Virtual care holds incredible promise. At its best it supports the access, continuity, communication, and collaboration integral to comprehensive, team-based care in a Patient’s Medical Home or a Patient’s Medical Neighbourhood, with an electronic medical record that connects the practice, pharmacies, hospital, long-term care, and home care. We know that patients and providers are eager to embrace virtual care—even before the pandemic, 7 of 10 Canadians said they would take advantage of virtual visits.1 Family doctors across the country switched quickly to virtual care over the past year and largely found it effective and convenient.
Established consultation networks in British Columbia and northern Ontario offer examples of successful virtual initiatives. Rural family doctors can access immediate live video with a consultant to support them in the care of a premature baby or a critically ill patient. In northern Saskatchewan, Dr James Purnell conducts weekly clinics, either in-person or by remote-presence technology, that have improved access and continuity of care for Wollaston Lake, a remote Dene community of 1500. The remote-presence technology includes a “doc in a box”—a portable, tablet-like video link carried by a health care worker to the patient’s bedside so Dr Purnell can see and speak to the patient. Remote presence also includes wireless peripherals: blood pressure cuff, digital stethoscope, otoscope, ultrasound, oximeter, etc.
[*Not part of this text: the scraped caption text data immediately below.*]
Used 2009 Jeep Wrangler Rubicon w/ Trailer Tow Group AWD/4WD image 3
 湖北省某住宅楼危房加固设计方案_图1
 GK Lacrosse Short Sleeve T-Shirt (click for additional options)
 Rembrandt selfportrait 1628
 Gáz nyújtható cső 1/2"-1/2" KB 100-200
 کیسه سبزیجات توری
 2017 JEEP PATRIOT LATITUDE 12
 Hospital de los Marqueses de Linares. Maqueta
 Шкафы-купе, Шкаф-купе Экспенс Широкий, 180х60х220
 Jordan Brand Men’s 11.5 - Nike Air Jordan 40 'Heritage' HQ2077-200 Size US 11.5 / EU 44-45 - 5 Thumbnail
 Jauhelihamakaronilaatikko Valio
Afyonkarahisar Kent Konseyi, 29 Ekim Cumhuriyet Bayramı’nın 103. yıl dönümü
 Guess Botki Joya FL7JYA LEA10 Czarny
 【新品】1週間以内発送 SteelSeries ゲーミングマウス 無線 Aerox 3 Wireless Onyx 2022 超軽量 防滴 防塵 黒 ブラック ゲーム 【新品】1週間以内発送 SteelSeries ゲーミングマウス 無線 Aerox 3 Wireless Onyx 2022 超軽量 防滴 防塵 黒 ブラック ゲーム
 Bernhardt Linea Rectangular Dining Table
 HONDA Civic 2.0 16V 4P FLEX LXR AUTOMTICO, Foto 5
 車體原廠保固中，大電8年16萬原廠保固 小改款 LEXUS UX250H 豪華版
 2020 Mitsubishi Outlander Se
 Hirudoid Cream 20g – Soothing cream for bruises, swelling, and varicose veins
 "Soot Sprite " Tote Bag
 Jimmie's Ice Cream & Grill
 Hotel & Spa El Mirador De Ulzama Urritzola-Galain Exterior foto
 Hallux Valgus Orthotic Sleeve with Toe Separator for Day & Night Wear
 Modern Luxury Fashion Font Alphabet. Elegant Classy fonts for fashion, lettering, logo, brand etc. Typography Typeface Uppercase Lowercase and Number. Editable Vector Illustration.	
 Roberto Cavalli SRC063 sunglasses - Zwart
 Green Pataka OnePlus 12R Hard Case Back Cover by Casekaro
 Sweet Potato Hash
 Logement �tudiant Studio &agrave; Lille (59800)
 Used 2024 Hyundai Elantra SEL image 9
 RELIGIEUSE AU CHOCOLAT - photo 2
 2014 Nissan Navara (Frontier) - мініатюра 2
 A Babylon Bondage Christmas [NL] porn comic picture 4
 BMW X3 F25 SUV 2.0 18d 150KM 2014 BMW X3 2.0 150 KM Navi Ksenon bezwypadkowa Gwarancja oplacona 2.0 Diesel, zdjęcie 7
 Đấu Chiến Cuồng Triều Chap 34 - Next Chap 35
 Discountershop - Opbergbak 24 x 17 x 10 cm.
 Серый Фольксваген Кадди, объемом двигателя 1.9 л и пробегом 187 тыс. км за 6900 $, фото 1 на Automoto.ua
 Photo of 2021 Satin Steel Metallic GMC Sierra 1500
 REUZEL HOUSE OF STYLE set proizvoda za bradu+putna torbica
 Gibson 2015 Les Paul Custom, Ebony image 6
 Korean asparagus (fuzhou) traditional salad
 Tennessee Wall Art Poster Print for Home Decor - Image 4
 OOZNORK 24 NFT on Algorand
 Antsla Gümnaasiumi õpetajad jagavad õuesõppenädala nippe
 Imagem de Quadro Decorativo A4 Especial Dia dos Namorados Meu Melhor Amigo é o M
In northern Ontario, where I work, physicians who provide in-person clinical service 1 to 2 weeks per month to a fly-in Indigenous community also provide continuity of care through on-call telephone support to the nursing station when they are not in community.
At the CFPC Annual Leaders Forum at the end of May, Dr Paul Gill described a new collaborative, publicly funded initiative that created a virtual urgent care centre for children, adults, and long-term care residents. Participating emergency physicians, although based in 1 of 2 organizations, provided seamless care to all of southwestern Ontario. The virtual video visit was integrated into the emergency medicine physicians’ usual electronic medical record, and the record of the visit was always communicated to the primary care physician. The project demonstrated a reduction in in-person emergency visits, high usage, and high satisfaction for patients and providers.
On the other hand, Drs Spithoff and Kiran clearly outline the potential perils of virtual care in “The dark side of Canada’s shift to corporate-driven health care.”2 Corporations by their nature view health care through a profit lens, which could lead to fragmentation, duplication, unnecessary prescribing, gaps in care, and worsening inequity.
The risks of virtual care are of considerable concern to the CFPC, our provincial Chapters, and other medical organizations. The Canadian Medical Protective Association is hearing concerns from members about limitations of virtual care (eg, the inability to do a physical examination). The Federation of Medical Regulatory Authorities of Canada is concerned about potential lack of follow-up for patients seen virtually. The Canadian Medical Association is concerned about inequity and loss of continuity of care, and have committed $2.5 million to research access to and outcomes of virtual care.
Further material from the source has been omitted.